Researchers at Dartmouth College, Beihang University, Shanghai Jiao Tong University, Wuhan University, and Microsoft Research have published a paper detailing a touch-free, gesture sensing technique for fabric-based wearables: Fabriccio.
"We present Fabriccio, a touchless gesture sensing technique developed for interactive fabrics using Doppler motion sensing," reads the abstract to the team's paper. "Our prototype was developed using a pair of loop antennas (one for transmitting and the other for receiving), made of conductive thread that was sewn onto a fabric substrate. The antenna type, configuration, transmission lines, and operating frequency were carefully chosen to balance the complexity of the fabrication process and the sensitivity of our system for touchless hand gestures, performed at a 10cm distance."
The loop antennas — chosen from a shortlist of four possible designs — measure just 9mm in diameter and are spaced 15mm apart. These antennas, plus the electrical connectivity to complete the circuit, are manufactured using Liberator 40 silver-coated Vectran thread — again picked from a shortlist of four possibles ranging from thin stainless steel to smooth conductive thread — stitched using an unmodified embroidery machine.

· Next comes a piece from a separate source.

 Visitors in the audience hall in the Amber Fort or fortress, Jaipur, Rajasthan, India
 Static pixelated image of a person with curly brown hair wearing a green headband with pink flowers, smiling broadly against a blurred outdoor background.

The electronics are made up of a customised sensing board split into two parts: A modified HB100 Doppler Radar Motion Detector forms the sensor half, while modified Adafruit Bluefruit LE Micro development board handles data collection and transmission to a remote laptop for data processing via the Random Forest machine learning algorithm.

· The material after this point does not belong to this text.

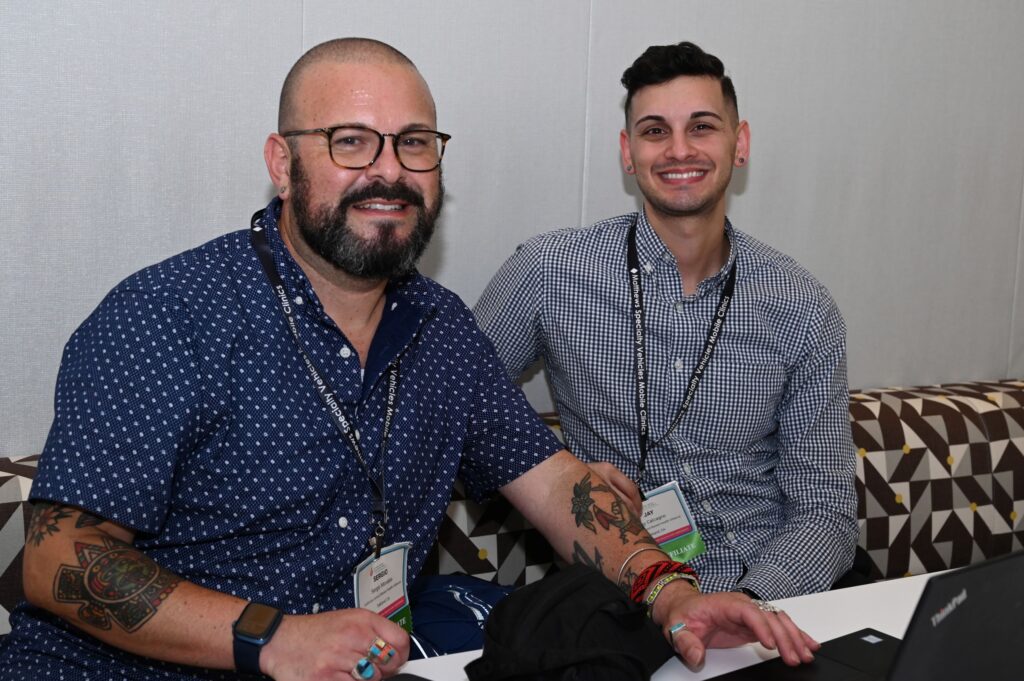 A man with a beard wearing glasses and a short sleeved dark blue shirt and a man with blue checkered long sleeved shirt sit on a couch and smile at the camera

The team built and tested a series of prototypes based on the technology, using a 10-participant cohort to attempt a total of 11 touchless and one touch-based gestures on fabric systems including interactive furniture, interactive clothing, and "soft things" like a backpack with integrated controls for a smartphone and interactive children's toys.
"We demonstrate that our system can achieve a 92.8 percent cross-validation accuracy and 85.2 percent cross-session accuracy in a user study with 10 participants and 11 touchless gestures as well as 1 touch gesture," the team concludes. "For the subset of seven gestures, the cross-user accuracy can reach 87.6 percent.

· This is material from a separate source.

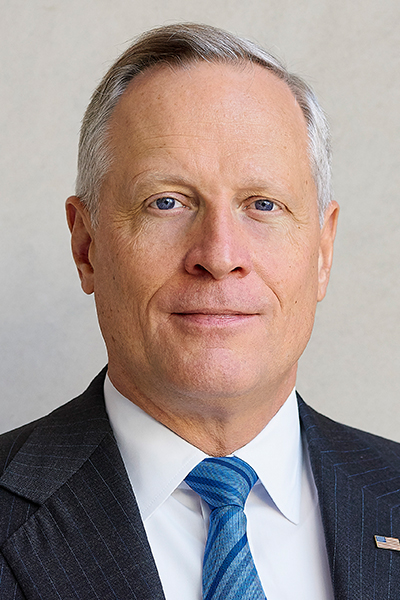 Man with short gray hair, wearing a dark suit, with a white shirt and blue striped tie.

"Our technique provides a useful addition to existing sensing techniques for user input on soft fabrics, primarily based on touch and deformation. This enables a new set of applications on everyday objects that are covered or made of interactive fabrics. We believe our technique may serve as important groundwork for integrating the gestural input into the soft objects in people’s daily life."
The paper, presented as part of the ACM CHI Conference on Human Factors in Computing Systems (CHI'20), is available under open access terms via Microsoft Research.